Leviers pédagogiques
Depuis quelques années, les événements qui ont pour vocation d’accélérer la prise de conscience écologique, et d’inciter le grand public, les acteurs économiques et les décideurs politiques à passer à l’action, deviennent plus nombreux. Véritables démonstrateurs des bonnes pratiques environnementales, ils permettent aux participants de rentrer au cœur du sujet en leur faisant vivre une expérience pratique qui ne se limite pas à la théorie.
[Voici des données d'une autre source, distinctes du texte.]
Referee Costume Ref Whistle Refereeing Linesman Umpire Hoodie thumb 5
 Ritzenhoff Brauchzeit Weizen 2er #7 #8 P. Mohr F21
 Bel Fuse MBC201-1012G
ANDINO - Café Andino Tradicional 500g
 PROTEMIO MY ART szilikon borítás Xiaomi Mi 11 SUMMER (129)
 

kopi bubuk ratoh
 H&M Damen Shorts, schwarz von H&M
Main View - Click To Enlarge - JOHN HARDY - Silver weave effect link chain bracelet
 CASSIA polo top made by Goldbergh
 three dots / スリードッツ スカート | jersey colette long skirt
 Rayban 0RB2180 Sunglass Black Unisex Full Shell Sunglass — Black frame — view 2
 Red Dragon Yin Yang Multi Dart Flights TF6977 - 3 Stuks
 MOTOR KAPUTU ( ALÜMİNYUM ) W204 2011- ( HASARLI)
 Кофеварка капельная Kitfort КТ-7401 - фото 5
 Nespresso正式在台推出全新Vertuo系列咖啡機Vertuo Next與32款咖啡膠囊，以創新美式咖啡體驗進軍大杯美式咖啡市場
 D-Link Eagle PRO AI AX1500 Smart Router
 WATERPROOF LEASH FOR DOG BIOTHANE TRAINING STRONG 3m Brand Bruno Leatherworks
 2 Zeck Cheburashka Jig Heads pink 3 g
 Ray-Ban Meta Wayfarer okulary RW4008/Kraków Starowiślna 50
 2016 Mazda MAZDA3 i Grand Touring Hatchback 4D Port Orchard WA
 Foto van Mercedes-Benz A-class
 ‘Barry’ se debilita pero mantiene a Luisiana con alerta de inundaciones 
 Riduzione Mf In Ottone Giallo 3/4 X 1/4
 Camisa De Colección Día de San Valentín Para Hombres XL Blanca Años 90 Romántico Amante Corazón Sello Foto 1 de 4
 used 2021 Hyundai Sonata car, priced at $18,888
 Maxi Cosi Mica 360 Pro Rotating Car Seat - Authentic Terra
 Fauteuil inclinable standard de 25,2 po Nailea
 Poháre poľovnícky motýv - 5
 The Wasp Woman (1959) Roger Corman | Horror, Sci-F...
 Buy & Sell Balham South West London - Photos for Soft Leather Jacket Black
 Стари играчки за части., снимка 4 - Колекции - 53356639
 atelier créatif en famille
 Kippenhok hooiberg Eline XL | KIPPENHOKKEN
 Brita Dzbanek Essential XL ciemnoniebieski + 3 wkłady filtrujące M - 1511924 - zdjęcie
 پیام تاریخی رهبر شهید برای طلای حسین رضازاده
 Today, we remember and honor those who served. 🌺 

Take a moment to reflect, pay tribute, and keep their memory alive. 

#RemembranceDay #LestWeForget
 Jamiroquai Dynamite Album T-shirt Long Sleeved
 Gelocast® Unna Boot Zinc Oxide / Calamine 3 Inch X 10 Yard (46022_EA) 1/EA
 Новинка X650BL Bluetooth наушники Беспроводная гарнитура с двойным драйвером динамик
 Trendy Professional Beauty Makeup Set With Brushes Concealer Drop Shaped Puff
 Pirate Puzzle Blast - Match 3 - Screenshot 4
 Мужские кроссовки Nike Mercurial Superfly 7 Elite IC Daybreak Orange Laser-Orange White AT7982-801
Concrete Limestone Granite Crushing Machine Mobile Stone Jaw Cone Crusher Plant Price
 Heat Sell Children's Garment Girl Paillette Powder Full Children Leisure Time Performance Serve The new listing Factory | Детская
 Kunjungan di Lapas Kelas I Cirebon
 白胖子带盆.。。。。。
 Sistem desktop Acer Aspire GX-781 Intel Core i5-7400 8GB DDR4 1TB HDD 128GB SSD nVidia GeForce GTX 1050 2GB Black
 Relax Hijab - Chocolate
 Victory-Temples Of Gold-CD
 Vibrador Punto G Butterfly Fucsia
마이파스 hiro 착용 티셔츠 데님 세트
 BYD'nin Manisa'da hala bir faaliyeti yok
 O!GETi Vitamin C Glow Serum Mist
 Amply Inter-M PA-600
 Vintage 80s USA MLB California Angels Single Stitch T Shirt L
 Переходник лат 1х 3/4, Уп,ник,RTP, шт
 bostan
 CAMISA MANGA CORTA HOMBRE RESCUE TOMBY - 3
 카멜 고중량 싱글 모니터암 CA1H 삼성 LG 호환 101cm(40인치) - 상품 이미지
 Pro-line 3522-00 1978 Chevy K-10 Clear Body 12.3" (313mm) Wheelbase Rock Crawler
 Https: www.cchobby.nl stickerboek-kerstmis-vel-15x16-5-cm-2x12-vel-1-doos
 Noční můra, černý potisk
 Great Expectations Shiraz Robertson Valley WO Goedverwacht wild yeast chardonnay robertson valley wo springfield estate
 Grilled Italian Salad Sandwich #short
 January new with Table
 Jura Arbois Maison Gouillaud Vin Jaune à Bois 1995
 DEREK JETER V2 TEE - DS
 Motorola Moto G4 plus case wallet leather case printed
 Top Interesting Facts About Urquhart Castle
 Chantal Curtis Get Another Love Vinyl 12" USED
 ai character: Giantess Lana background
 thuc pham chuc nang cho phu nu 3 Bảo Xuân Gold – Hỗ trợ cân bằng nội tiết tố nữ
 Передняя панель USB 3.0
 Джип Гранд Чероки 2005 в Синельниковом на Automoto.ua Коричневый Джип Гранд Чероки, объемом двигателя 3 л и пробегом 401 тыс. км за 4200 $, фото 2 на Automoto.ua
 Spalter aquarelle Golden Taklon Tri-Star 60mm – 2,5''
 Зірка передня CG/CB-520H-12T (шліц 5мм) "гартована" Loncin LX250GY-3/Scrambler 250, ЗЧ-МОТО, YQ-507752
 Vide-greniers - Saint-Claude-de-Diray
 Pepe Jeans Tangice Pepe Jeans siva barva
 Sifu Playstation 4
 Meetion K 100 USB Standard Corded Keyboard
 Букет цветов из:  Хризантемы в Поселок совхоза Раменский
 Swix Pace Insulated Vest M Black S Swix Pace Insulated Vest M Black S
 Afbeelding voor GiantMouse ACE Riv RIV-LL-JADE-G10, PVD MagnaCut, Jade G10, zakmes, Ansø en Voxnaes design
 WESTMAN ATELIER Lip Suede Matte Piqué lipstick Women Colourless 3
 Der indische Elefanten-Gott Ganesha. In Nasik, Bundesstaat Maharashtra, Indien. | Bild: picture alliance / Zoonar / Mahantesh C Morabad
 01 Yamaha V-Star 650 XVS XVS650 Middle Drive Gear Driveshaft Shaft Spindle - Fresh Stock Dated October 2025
Il s’agit de vivre la transition et pas seulement d’en entendre parler, comme l’explique Dan-Antoine Blanc-Shapira, fondateur de l’agence Sensation ! : « L’événementiel permet de plonger les publics au cœur d’une démarche écoresponsable : ils verront « de leurs propres yeux » les efforts en matière d’optimisation des transports et de maîtrise de l’énergie, ils toucheront de leurs mains les matériaux écoresponsables, ils participeront à la réduction et au tri sélectif des déchets, ils goûteront les produits bios et de saison, pourront constater la récupération des surplus alimentaires, etc. L’événement ne se contente pas de « transmettre » un message, il favorise son appropriation. »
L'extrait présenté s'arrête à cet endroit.